Tag: Poland


Since finding their marriage record that I talked about in my last post, I’ve done my best to transcribe and translate it to the best of my ability (and Google Translate.) Here is what I was able to translate, with some notes within and more notes after.

Nr. 8

Schwenten on the 2nd of November one thousand eight hundred and eighty-four

Before the undersigned registrar released today for the purpose of marriage

  1. Tagloehner(?) (day-laborer) known as Franz Zalewski, Catholic religion, born the fourth of October the year on thousand eight hundred fifty-eight in Krotoschin in Loebau, resident of Gottschalk in Graduenz.

    Son of (?) Michael Zalewski and (?) (?) Anna born Muschowska(?), residing in Gottschalk

  2. Known as Anna Lindner, catholic religion, born the fifteenth October (incorrect? baptism record is in Sept 1865) of the year one thousand eight hundred sixty-five in Schwenten in Graudenz, residing in Schwenten in Graudenz.

    Daughter of (?) Johann Lindner and (?) (?) Eva born Sonnenfeld residing at Schwenten.

Witnesses were drawn and published:

  1. The (?) known as Johann Lindner, 48 (?) years old, residing in Schwenten
  2. The (?) known as Franz Gurski, 36 (?) years old, residing in Schwenten

In the presence of the witnesses, the clerk of the court addressed to the betrothed the question individually and one after the other:

Whether they know they want marriage with each other. The fiancée replied to this question in the affirmative, and made the statement of the civil servant that he was now giving it up to the law of the law

Presented, approved and (?)

XXX (?) Franz Zalewski
XXX (?) Anna Zalewski born Lindner
XXX (?) Johann Lindner
XXX (?) Franz Gurski

A few notes here. It describes Frank’s birthday as 4 October 1858, which is probably correct. I’ve always had 4 Sep 1858, but I honestly don’t know the source of that specific date. I’ve never seen it myself, though the year is probably correct as that has been found in multiple places. I also now have Frank’s place of birth, which is a nearby town named Krotoschin in 1884. Today it is Krotoszyny, Biskupiec, Warminsko-Mazurskie, Poland, just northeast of their marriage location. I don’t know if Frank’s mother’s last name is Muschowska. It’s a bit tough to read.

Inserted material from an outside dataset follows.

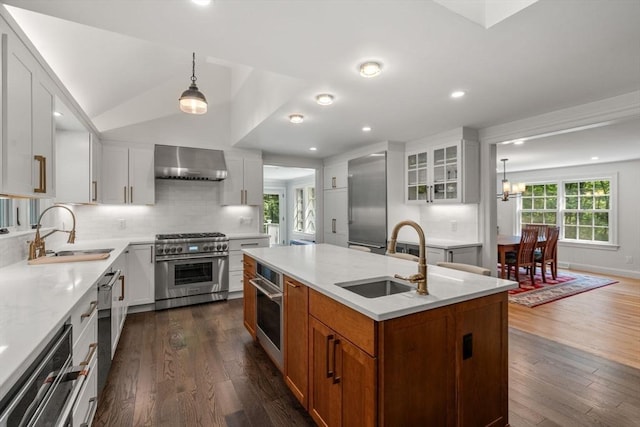 kitchen featuring wall chimney range hood, a center island with sink, appliances with stainless steel finishes, and a sink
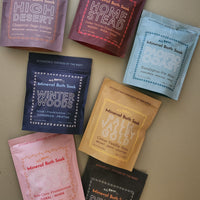 Seven pouches of botanical-inspired mineral bath soaks in assorted scents, arranged in a flat-lay pattern on a neutral beige background. The pouches come in a variety of colors including purple, burgundy, light blue, navy, mustard yellow, pink, and black, each with its own unique illustrated label.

All of the question marks (?) in the transcription are words I could not make out. Lowercase letters like e, n, and r look very similar in German Gothic script especially when the writer is a bit sloppy. They all look like one squiggly line with a few peaks and valleys. Most of the missing words are the occupations of the individuals. The three X’s at the bottom near the four names is probably similar to “his mark” in other documents stating that the person could not write their name.

For whatever reason, it looks like Anna’s birth date is wrong. I’ve previously found her baptism record in the church records and it was from September 1865. This states she was born in October.

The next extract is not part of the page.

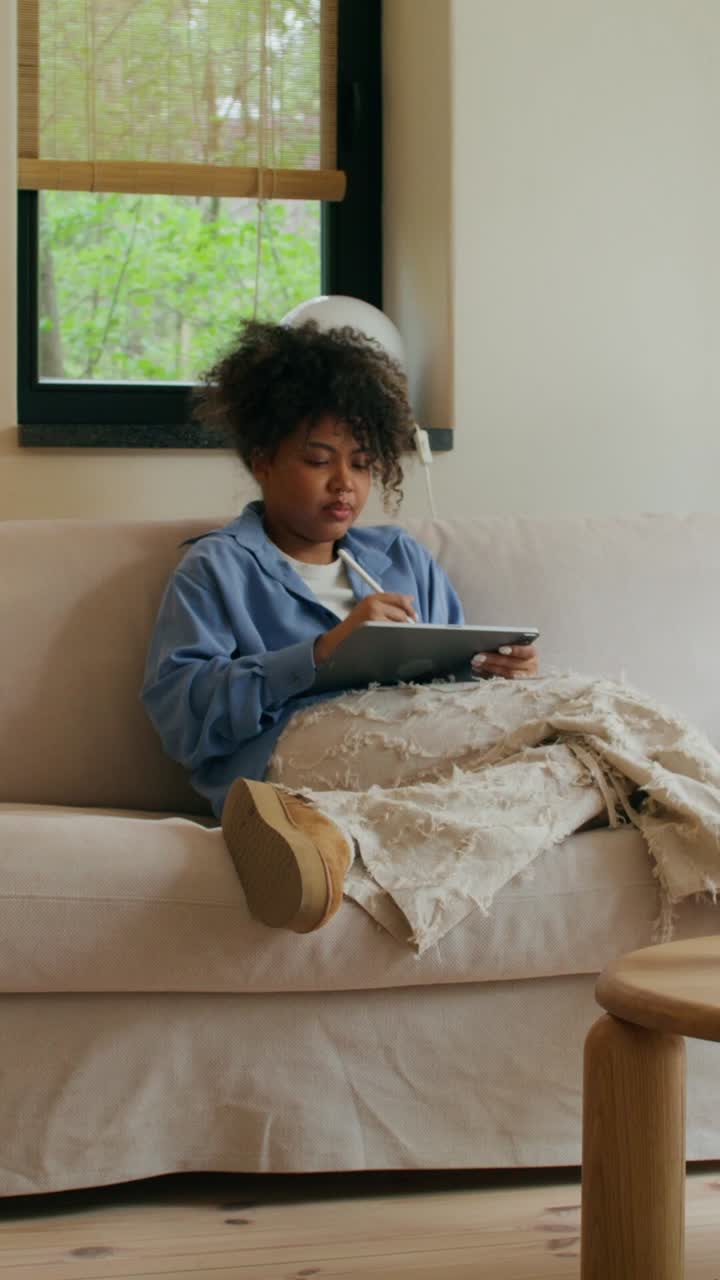 Woman Drawing on a Tablet at Home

The only other new item is the name of one of the witnesses, Franz Gurski. Not sure who that is, so I’ve been looking for the Gurski name in the rest of the civil records. I found a few birth records for Franz and his wife. I’ve also found a few more Zalewski/Salewski records and I’ve made note of them. They’re probably, or possibly, related to Frank Zalewski. Unfortunately, the civil records only go back to 1874, so I will need to track down the church records to see if I can find Frank’s baptism record in Krotoschin.

One of the most solid, longest standing brick walls in my personal genealogy research has come down this week. This wall has stood since I started researching my family in 1999, though I didn’t heavily pursue it until a bit later. I now have the names of my paternal 3rd-great-grandparents on my Zalewski line. Meet Michael & Anna (Muschowska) Zalewski.

The path to breaking down this wall started as a lot of them do, just doing random searching and browsing. I occasionally visit most of the sites on my “Genealogy Community” link list on the sidebar. I almost always visit Al’s site at Al’s Polish-American Genealogy. I know Al personally since we used to attend a local Polish research group for a few years. Al works very deep in Polish records and blogs in detail about what he found and how he found it. He had a post recently talking about the records he has on a specific individual and in it he mentioned a few sites he used. One of these sites was one he called the Genealogy in Archives website. I googled it and visited the only Polish one I saw.

I haven’t been able to find a good description of the site, but it looks to be a program dedicated to getting Polish Civil records online from the various archives. Fortunately for me, it also includes records from the Kujawsko-Pomorskie Voivodeship including the community of Łasin where my Zalewski ancestors resided. I already had the Schwenten church marriage record of my great-great-grandparents, Frank & Anna, in 1884, along with the birth records of their first three children.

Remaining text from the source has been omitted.